Yes, it’s been a while since I’ve made a sauce.  I’m behind.  First trimester will do that to you.  Now that I’m safely back in the camp of people who can eat foods other than Cheerios and macaroni and cheese, I’m back to making sauces.

Bearnaise is like a sibling to Hollandaise – same base of butter and egg yolks but with a little more flavor.  It’s delicious on asparagus, and probably many other things.  This recipe makes a large batch, so I’m sure I’ll be eating it on several other things in the next couple of days.

Ingredients

1 shallot, minced
1/4 cup white wine vinegar
1/4 cup white wine
1/4 tsp salt
1/4 tsp black pepper
2 tbsp fresh tarragon leaves (4 sprigs), finely chopped, divided

1 lb asparagus, ends trimmed 1/2″
2 tbsp cooking fat (lard, duck fat, olive oil, ghee)
1/2 tsp salt
1/2 tsp black pepper

3 egg yolks
1 stick butter (or 8 tbsp ghee), cut into 8 pieces
salt to taste

Directions

1. Preheat your oven to 450F. In a small saucepan, combine the shallot, vinegar, wine, salt, pepper, and 1 tbsp of the tarragon. Bring to a boil on med-high heat and simmer until reduced to approximately 2 tbsp of liquid, about 4 minutes. Strain the liquid into a metal bowl (or a double boiler insert if you have one) and set aside, discarding the solids. This reduction will be your Béarnaise sauce base (similar to lemon juice’s function when making Hollandaise sauce).

2. Wash and trim the asparagus, then arrange on a baking sheet. Drizzle with your favorite cooking fat (I prefer lard) and sprinkle with salt and pepper. Roast until softened, about 10 minutes.

3. As the asparagus is cooking, let’s finish your Béarnaise sauce using a double-boiler setup. Bring some water to simmer in a saucepan, then place the metal bowl (the one with the Béarnaise sauce base) over the saucepan. You want the bowl to rest on the edges of the saucepan, suspended above the water but not touching it. This will allow you to gently heat the sauce and prevent the egg yolks and butter from separating.

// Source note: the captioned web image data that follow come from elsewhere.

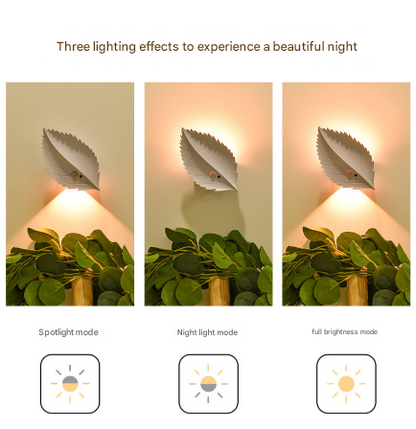 White RGB Color-Changing Leaf LED Night Light - Wireless Motion Sensor Wall Lamp with Remote Control for V888-ELOSUNG32832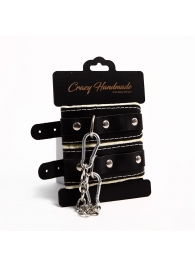 Черные скругленные наручники с мягкой бежевой подкладкой - Crazy Handmade - купить с доставкой в Миассе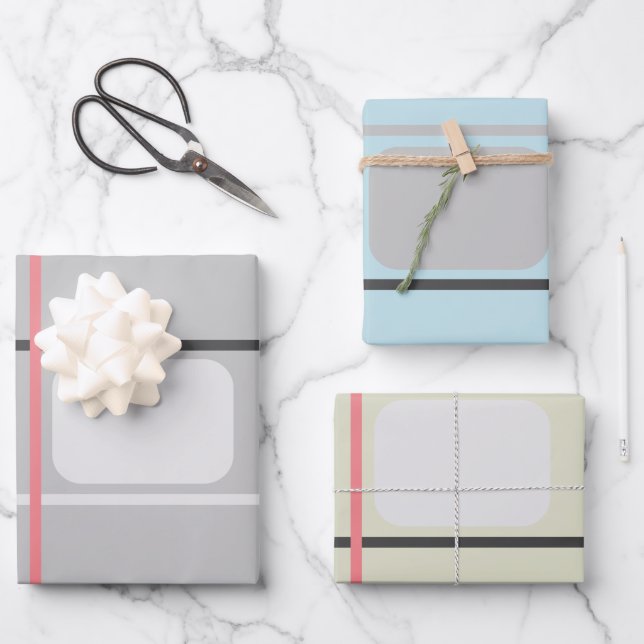 Signature-Karte für graublaue Beige Streifen Geschenkpapier Set (Vorderseite)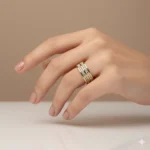 Gold Plated Double Row CZ Band Ring | Trendy Jewel | Anti-Tarnish Jewellery for Women | Princess-Cut Channel Setting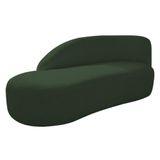 Divã Recamier Curvo Luna 140cm Lado Esquerdo Linho Cor Verde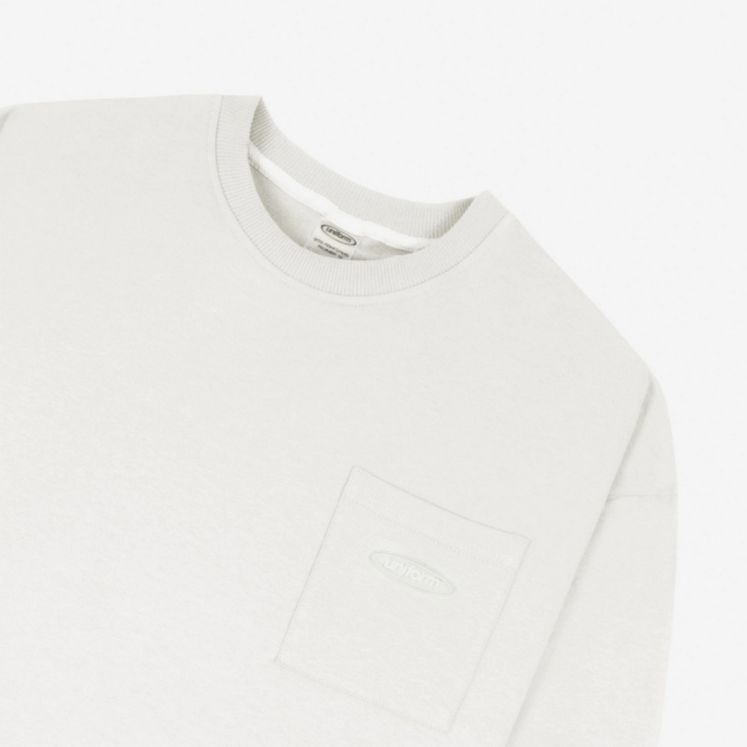 Лонгслив UNIFORM Relaxed Pocket, молочный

4. Place the metal bowl over the gently simmering water and whisk the egg yolks into the Béarnaise sauce base. Whisk constantly as the yolks slightly thicken but before they solidify, about 20 seconds, then add a piece of butter, continuing to whisk constantly. As the piece of butter is just about melted, add the next piece of butter, and repeat until all of the butter is incorporated. Alternatively, you can use melted butter or ghee, adding in 1/8 of it at a time. Once all of the butter is incorporated, whisk in the remaining tarragon and salt to taste; you should be able to leave it in the double boiler for a couple minutes (stirring often) as you wait for the asparagus to finish, but with any luck it’ll finish at the same time as your veggies.

5. Once the asparagus is done roasting, place it in a serving dish and pour the sauce over it. Serve immediately.